Christian Schmidt, the high representative of the international community in Bosnia, on 27 April 2023 made changes to the constitution and the criminal laws of Bosnia's entities to facilitate the formation of the new regional government and prevent election fraud. Schmidt's amendments to the constitution were imposed on an interim basis to help form the new regional government after a deadlock lasting almost seven months following elections in October 2022.
The changes to the criminal laws were prompted by the need to "strengthen the integrity of elections" and apply to Bosnia and Republika Srpska, the other entity within Bosnia.

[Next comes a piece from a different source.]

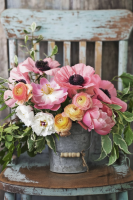 Romantischer Strauß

These changes make it illegal to ask for or take money or any benefit, such as employment, from politicians and set the punishment for anyone found guilty of such actions at 10 years in prison and a fine. The amendments to criminal laws also imply dismissal from a legislative, executive, other administrative or judicial body or from any service that is fully or partially financed from entity budgets for anyone found guilty of election bribery. In addition, anyone found guilty of the offense cannot be employed in any public service for five years after being punished, pardoned, or amnestied.
Bosnia-Herzegovina's House of Representatives appointed a new government in an urgent session held on 28 April 2023, a day after the high representative of the international community imposed changes to the country's constitution and the criminal laws. The 16 new ministerial positions will be split among members of the Croatian Democratic Union, the Social Democratic Party, the Croatian Democratic Union 1990, and the political parties Nasa Stranka and Narod i Pravda. Vice President Refik Lendo opposed the new government appointments, demanding his Party of Democratic Action be given a portfolio. His party organized protests outside the parliament during the vote.